Mir ist es persönlich egal ob ihr lieber Bfs oder Tfs anwendet, hätte dazu gerne ein Ansatz.


----------



## Flown (19. Nov 2016)

Was verstehst du denn nicht?


----------



## Terence86 (19. Nov 2016)

Hi schön erstmal das sich jemand meldet.
Ja das Problem verstehe ich im Grunde, nur weiß ich nicht wie ich mit einer boolean "matrix" arbeitete.
Ich soll das ganze nicht in eine Adjazenzlistendarstellung bringen, mal abgesehen wie ich das mache, könnte ich damit wenigstens ne alte Klasse zur Hand nehmen die mir dann die Wege ausgibt.
Im Grunde Starte ich ja bei [0][0] und will einen Weg finden zu [n-1][n-1] wobei n die Länge bzw. Größe der Karte ist.
[0][0] ist immer "false" das es ja mein Startpunkt darstellt. "True" sind die schwarzen Felder auf die ich nicht kann. -> Knoten die Isoliert sind, alle anderen sind ja miteinander verbunden und besitzen somit einen Weg. Jetzt müsste ich auf einen Algorithmus schreiben der eine Suche mit Hilfe von dfs oder bfs und mir die Wege absucht, bis er am Ziel ist und mir diesen dann zurück gibt. Dabei soll er nicht aus der Map gehen -> Overflow und nicht auf die True Felder gehen // wären ja irgendwelche if Formulierungen.
Müsste ja irgendwie eine Priorität erstellen, gehe rechts  -> wenn es nicht mehr geht, dann runter,usw. ?
Also was ich meine der "Roboter" brauch ja irgendwie Anweisungen was der machen soll.
Ich habe echt Schwierigkeiten das zu Implementieren.. deswegen war ja meine Frage ob jemand einen Ansatz wüsste. Und ja weil das true und fales sind krieg ich einen Anfall da ich sonst Zahlen(integer) vorliegen hatte.. Und ja wenn mich jemand fragen würde, würde ich sagen irgendwie mit eine Rekursion vielleicht? Also die Methode Search() solange wiederholen lassen bis ich am Ziel bin und dann Ausgabe nehmen und die also String darstellen!? Mit ist klar das mir paar Vorkenntnisse dazu fehlen aber ich hoffe das ich das mit euch hier schaffe 
+ Zusatz: Bei der Abarbeitung muss ja der (oder die Vorgänger) beachtet werden das diese nicht nochmal angelaufen werden. Wie funktioniert das den?


----------



## LeopoldStotch (20. Nov 2016)

Du könntest dir eine Klasse "Knoten" erstellen, in der du deine aktuelle Position speicherst und eine Referenz auf den "Knoten" von dem du gekommen bist.
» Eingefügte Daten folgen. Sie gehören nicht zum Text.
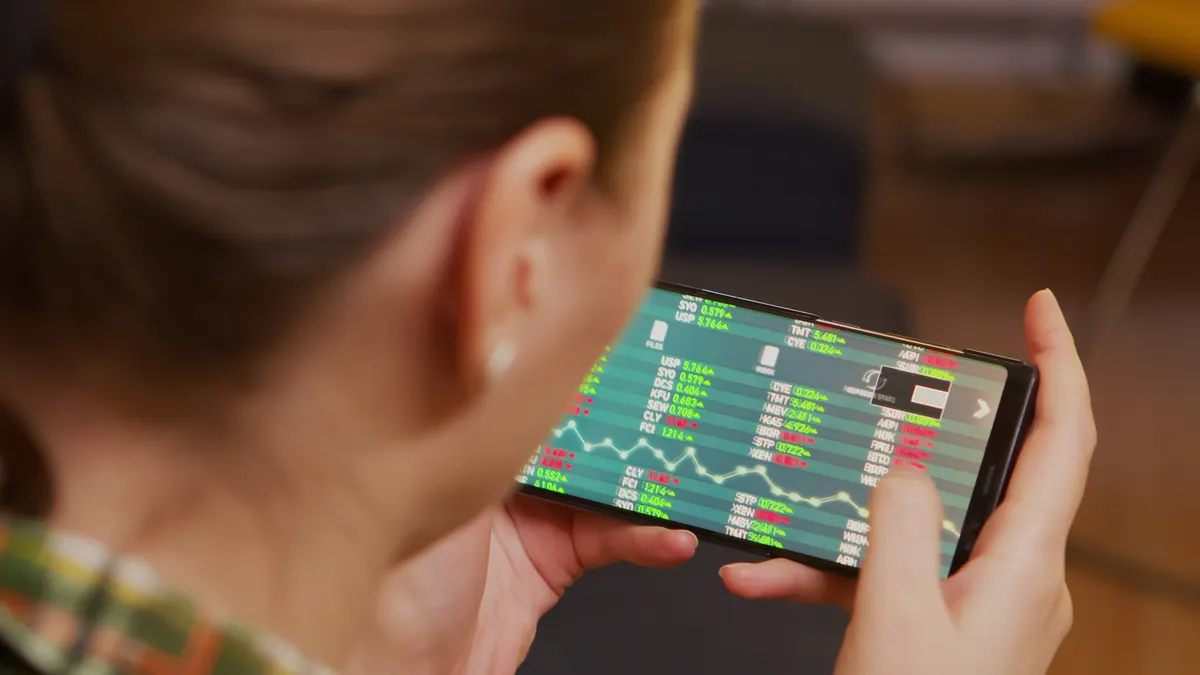 Kvinde følger aktiekurser og grafer på sin smartphone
Dann arbeitest du mit 2 Listen z.B. ArrayList<Knoten> openList und 
ArrayList<Knoten> closedList.

Du startest mit der Position (0,0) und erstellst ein Objekt vom Typ Knoten und packst es auf die openList. 
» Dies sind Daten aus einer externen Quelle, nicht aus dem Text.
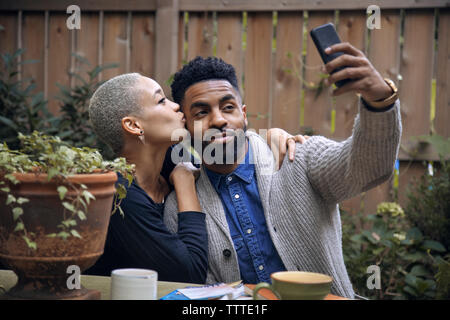 Woman kissing boyfriend tout en tenant en arrière-cour selfies Banque D'Images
So lange die openList nicht leer ist und du dein Ziel noch nicht erreicht hast nimmst du das untere Objekt von der openList und packst es in die closedList.
Anschließend schaust du in alle Richtungen von dem Knoten aus, den du zuvor in die closedList geseteckt hast, und prüfst ob du in diese Richtungen gehen kannst. 
Für jeden gültigen Weg erstellst du ein neues Objekt mit den Koordinaten und dem Vorgänger. 
Dann jedes Objekt in die openList ein, aber nur wenn es noch nicht in der closedList enthalten ist.

Wie du neue Objekte in die Liste einfügst hängt davon ab ob du Breitensuche oder Tiefensuche benutzen willst. Fügst du die neuen Knoten immer an das Ende der Liste realisiert das die Breitensuche, fügst du sie am Anfang ein realisierst du die Tiefensuche.


----------



## Terence86 (20. Nov 2016)

Klingt gut, aber ich denke ich lasse es. Mir fehlen die Vorkenntnisse wohl die man haben müsste.


----------



## Meniskusschaden (20. Nov 2016)

Terence86 hat gesagt.:


> Mir fehlen die Vorkenntnisse wohl die man haben müsste.
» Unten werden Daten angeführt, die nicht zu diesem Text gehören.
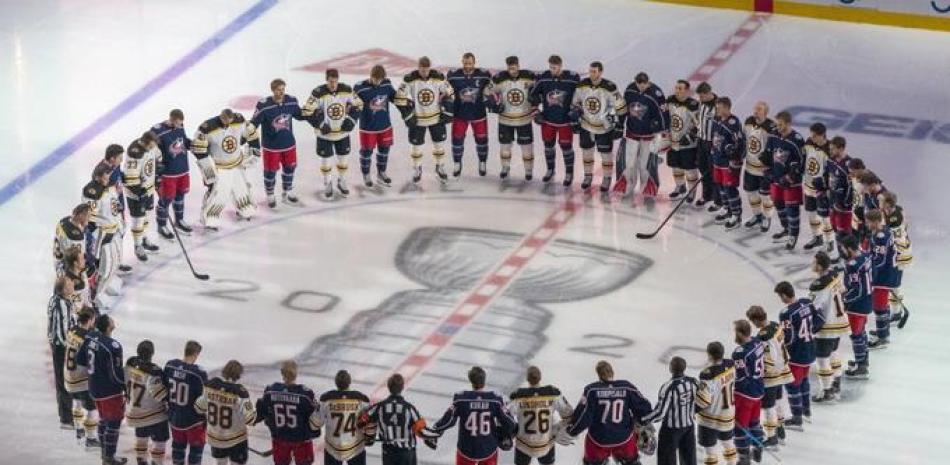 Boston Bruins y Columbus Blue Jackets se unen para los himnos nacionales antes de la acción del juego de exhibición de hockey NHL en Toronto celebrado este jueves.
In welchem Bereich fehlen dir denn die Vorkenntnisse?
Man kann es auch mit einem relativ naiven Ansatz ohne Objekte machen, indem man einfach ausgehend von der Startposition rekursiv für alle Nachbarpositionen eine Methode aufruft, der man die aktuelle Position, die Richtung, den bisher gefundenen Pfad und die Map übergibt. In der Methode macht man folgendes:

Neue Position berechnen.
Prüfen, ob die Position nicht zur Lösung gehört (Felsen, ausserhalb der Map, bereits besucht) und mit `return null` heraus springen.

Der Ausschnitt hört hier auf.